Wednesday, March 31, 2010

Our path 'is not the only one available'

Wade Davis, in The Wayfinders: These lectures set out to ask 'why ancient wisdom matters in the modern world.' The phrase is somewhat flawed, implying as it does that these many remarkable peoples we have encountered are somehow vestigial, archaic voices stranded in time, having at best a vague advisory role to play in contemporary life. In truth, all the cultures I have referenced in these lectures -- the Tibetans and the San, the Arhuacos, Wiwas and Kogi, the Kiowa, Barasana, Makuna, Penan, Rendille, Tahltan, Gitxsan, Wet'suwet'en, Haida, Inuit, and all the peoples of Polynesia -- are very much alive and fighting not only for their cultural survival but also to take part in a global dialogue that will define the future of life on earth...

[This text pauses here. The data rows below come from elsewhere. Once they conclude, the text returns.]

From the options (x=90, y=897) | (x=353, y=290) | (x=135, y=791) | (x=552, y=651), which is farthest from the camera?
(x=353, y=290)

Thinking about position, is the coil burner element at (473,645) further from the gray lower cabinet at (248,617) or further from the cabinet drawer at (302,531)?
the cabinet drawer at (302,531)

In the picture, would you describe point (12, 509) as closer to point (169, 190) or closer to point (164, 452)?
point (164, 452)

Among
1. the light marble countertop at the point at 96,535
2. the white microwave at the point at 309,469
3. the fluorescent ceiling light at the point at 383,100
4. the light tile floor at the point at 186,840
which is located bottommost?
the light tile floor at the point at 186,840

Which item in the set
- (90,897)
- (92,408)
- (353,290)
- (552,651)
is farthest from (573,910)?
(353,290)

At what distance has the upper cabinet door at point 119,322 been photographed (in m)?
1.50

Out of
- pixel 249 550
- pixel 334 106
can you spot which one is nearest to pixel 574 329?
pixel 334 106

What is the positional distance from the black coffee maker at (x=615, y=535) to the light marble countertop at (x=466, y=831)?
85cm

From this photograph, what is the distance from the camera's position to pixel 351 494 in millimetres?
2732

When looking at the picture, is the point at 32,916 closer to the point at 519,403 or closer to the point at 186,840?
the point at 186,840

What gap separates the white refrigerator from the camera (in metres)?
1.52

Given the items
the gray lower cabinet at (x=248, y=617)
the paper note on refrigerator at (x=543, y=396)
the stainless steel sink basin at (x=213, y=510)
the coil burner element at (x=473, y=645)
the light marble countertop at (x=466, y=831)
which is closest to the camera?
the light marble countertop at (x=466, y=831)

Why should their voices be heard? There are scores of reasons... but to sum up, two words will do. Climate change. There is no serious scientist alive who questions the severity and implications of this crisis, or the factors, decisions, and priorities that caused it to occur. It has come about because of the consequences of a particular world view. We have for three centuries now, as Thom Hartmann has written, consumed the ancient sunlight of the world. Our economic models are projections and arrows when they should be circles. To define perpetual growth on a finite planet as the sole measure of economic well-being is to engage in a form of slow collective suicide. To deny or exclude from the calculus of governance and economy the costs of violating the biological support system of life is the logic of delusion.

These voices matter because they can still be heard to remind us that there are indeed alternatives, other ways of orienting human beings in social, spiritual, and ecological space. This is not to suggest naively that we abandon everything and attempt to mimic the ways of non-industrial societies, or that any culture be asked to forfeit its right to benefit from the genius of technology. It is rather to draw inspiration and comfort from the fact that the path we have taken is not the only one available, that our destiny therefore is not indelibly written in a set of choices that demonstrably and scientifically have proven not to be wise. By their very existence the diverse cultures of the world bear witness to the folly of those who say that we cannot change, as we all know we must, the fundamental manner in which we inhabit this planet.